Thursday 14 December 2006

CHARLIE'S CHRISTMAS SHOPPING LIST

When, a week or two back, I was writing about lists, I inexplicably overlooked one of the Best Lists Ever Drawn Up (and certainly THE Best Ever Christmas List) which was compiled by Charles Dickens Esq. in his A Christmas Carol.

It is a description of late-night Christmas Eve shopping, c. 1843, as witnesssed by Mr Ebenezer Scrooge on his perigrinations through the streets of London in company with the Spirit of Christmas Present.

It is clearly written by a lover of Christmas (and Christmas Fare) and, above all, LIFE!

Here it is...

The poulterers' shops were still half open, and the fruiterers' were radiant in their glory.

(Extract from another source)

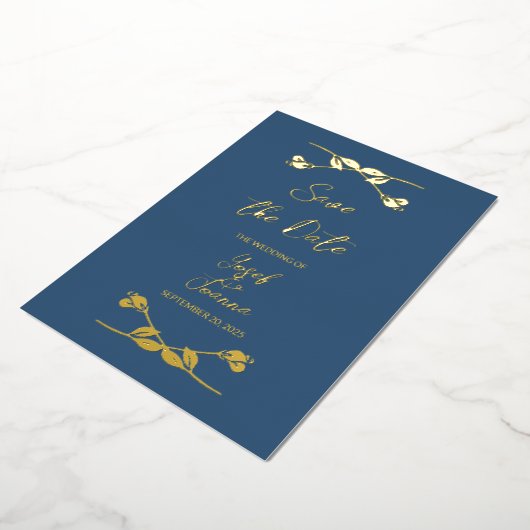 Elegante Navy Wedding Save the Date Folie Uitnodiging (Gedraaid)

There were great, round, pot-bellied baskets of chestnuts, shaped like the waistcoats of jolly old gentlemen, lolling at the doors, and tumbling out into the street in their apoplectic opulence. There were ruddy, brown-faced, broad-girthed Spanish Friars, and winking from their shelves in wanton slyness at the girls as they went by, and glanced demurely at the hung-up mistletoe. There were pears and apples, clustered high in blooming pyramids; there were bunches of grapes, made, in the shopkeepers" benevolence to dangle from conspicuous hooks, that people's mouths might water gratis as they passed; there were piles of filberts, mossy and brown, recalling, in their fragrance, ancient walks among the woods, and pleasant shufflings ankle deep through withered leaves; there were Norfolk Biffins, squab and swarthy, setting off the yellow of the oranges and lemons, and, in the great compactness of their juicy persons, urgently entreating and beseeching to be carried home in paper bags and eaten after dinner. The very gold and silver fish, set forth among these choice fruits in a bowl, though members of a dull and stagnant-blooded race, appeared to know that there was something going on; and, to a fish, went gasping round and round their little world in slow and passionless excitement.

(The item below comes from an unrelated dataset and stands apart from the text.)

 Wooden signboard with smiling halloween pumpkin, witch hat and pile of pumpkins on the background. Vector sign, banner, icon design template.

The Grocers'! oh the Grocers'! Nearly closed, with perhaps two shutters down, or one; but through those gaps such glimpses. It was not alone that the scales descending on the counter made a merry sound, or that the twine and roller parted company so briskly, or that the canisters were rattled up and down like juggling tricks, or even that the blended scents of tea and coffee were so grateful to the nose, or even that the raisins were so plentiful and rare, the almonds so extremely white, the sticks of cinnamon so long and straight, the other spices so delicious, the candied fruits so caked and spotted with molten sugar as to make the coldest lookers-on feel faint and subsequently bilious. Nor was it that the figs were moist and pulpy, or that the French plums blushed in modest tartness from their highly-decorated boxes, or that everything was good to eat and in its Christmas dress; but the customers were all so hurried and so eager in the hopeful promise of the day, that they tumbled up against each other at the door, clashing their wicker baskets wildly, and left their purchases upon the counter, and came running back to fetch them, and committed hundreds of the like mistakes, in the best humour possible; while the Grocer and his people were so frank and fresh that the polished hearts with which they fastened their aprons behind might have been their own, worn outside for general inspection, and for Christmas daws to peck at if they chose.

GLORIOUS!

I'm not sure whether Christmas Past ever, truly, WAS like that; but, if it wasn't, then it most certainly SHOULD have been!

4 comments:

Brian Sibley said...

Hear, hear!

Jonathan said...

Brian, that's a great illustration, do you know where it's from?

Brian Sibley said...

Uncharacteristically, I omitted to credit the artist, so thank you for asking, Jonathan...

It is the work of Roberto Innocenti for a 2003 edition of Dickens' story.

Jonathan said...

Thanks! I'll 'check it out' as they say in the vernacular. It's perfect inspiration for something I'm working on.